Alors qu’explose, se répand, parfois s’étale, dans la confusion, au cours de cette décennie, la thématique écologiste, il faut se saisir de cette opportunité. Si chaque citoyen est appelé à se pré-occuper de l’avenir de l’humanité, ce ne peut pas être pour s’en remettre, en tout, à ceux et celles qu’il élit. Il ne peut que travailler avec eux, ou sans eux, mais toujours au sein d’équipes, de Collectifs, de Groupes, d’associations qui trament le social et lui donnent armature, plasticité et consistance. Être élu pour être enfin efficace (du moins le croit-on) est une expression qui n’a plus de sens. L’élu est celui qui finalise ce qui s’est conçu parfois avec lui, parfois loin de lui, et qui va entrer dans un cadre fonctionnel. L’élection est un service. L’écologie politique, elle, a ceci de neuf qu’elle entraîne chaque citoyen dans la sphère de responsabilités qu’on laissait trop volontiers occuper par des politiciens quasi professionnels. La cogestion et l’autogestion sont donc de retour. C’est exactement le contraire de ce que préconise l’hôte de l’Élysée, avec constance, intelligence et énergie mais en vain. Ses choix sont ceux d’un autre monde, un monde impossible, insoutenable, d’où nous sortirions meurtris pour longtemps.

L’homme de l’anti-mai 68 vient de nous rendre, à nouveau, un grand service : il vient de révéler que le chef qui se trompe peut annoncer qu’il ne regrette que la forme qu’a prise l’erreur et pas sa cause. En France, en 2008, il serait impossible au peuple tout puissant (en droit) de changer quoi que ce soit (en fait) aux erreurs constatées et moins encore de rectifier l’erreur électorale qu’il a commise et qu’il regrette si visiblement. On peut en douter et le proche avenir pourrait bien le révéler.
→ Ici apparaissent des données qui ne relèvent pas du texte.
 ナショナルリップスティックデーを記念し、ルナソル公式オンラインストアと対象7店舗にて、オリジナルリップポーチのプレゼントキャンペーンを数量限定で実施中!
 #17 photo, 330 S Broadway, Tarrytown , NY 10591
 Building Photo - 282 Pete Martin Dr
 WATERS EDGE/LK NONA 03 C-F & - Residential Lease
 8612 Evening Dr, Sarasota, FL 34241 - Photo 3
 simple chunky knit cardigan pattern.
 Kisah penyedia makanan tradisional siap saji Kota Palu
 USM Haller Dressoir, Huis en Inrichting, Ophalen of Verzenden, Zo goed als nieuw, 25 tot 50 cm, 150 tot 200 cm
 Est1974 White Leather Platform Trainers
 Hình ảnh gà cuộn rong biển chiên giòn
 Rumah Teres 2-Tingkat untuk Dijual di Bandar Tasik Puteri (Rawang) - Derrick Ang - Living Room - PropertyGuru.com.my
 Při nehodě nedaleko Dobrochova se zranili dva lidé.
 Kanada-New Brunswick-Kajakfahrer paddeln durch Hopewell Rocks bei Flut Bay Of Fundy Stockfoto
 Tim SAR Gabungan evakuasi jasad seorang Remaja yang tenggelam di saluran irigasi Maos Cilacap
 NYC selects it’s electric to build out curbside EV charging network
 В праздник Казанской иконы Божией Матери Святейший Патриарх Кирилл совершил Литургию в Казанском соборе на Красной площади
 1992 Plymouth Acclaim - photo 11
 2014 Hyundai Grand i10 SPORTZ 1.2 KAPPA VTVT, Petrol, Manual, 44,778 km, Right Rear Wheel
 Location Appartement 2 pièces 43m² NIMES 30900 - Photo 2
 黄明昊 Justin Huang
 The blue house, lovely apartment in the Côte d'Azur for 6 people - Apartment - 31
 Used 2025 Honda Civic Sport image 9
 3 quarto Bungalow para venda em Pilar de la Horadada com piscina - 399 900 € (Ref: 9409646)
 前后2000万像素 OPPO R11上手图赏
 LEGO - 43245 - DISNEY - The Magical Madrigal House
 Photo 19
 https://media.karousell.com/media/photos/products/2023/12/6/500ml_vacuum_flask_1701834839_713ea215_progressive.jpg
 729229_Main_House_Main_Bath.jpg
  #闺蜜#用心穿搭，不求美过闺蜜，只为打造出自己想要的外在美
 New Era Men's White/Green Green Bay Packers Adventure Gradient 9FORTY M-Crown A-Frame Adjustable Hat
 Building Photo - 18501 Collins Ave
Car reste, comme lieu de démocratie, ce qu’on appelle, un peu vite, « la rue » et qui est, plus noblement, l’espace public, la place publique, l’agora immense où devraient pouvoir se faire entendre et comprendre, sans violence, la protestation et les demandes de rectification politiques. L’enfermement de la politique dans des formes désuètes et inefficaces ne pourra pas durer éternellement. L’État, les partis, les médias tels que nous les connaissons, ne sont plus adaptés à la démocratie contemporaine. On peut attendre que cela devienne une évidence dramatique. Il vaudrait sans doute mieux que nous commencions, avec modestie et courage, des travaux pratiques de démocratie non seulement participative mais décisionnelle.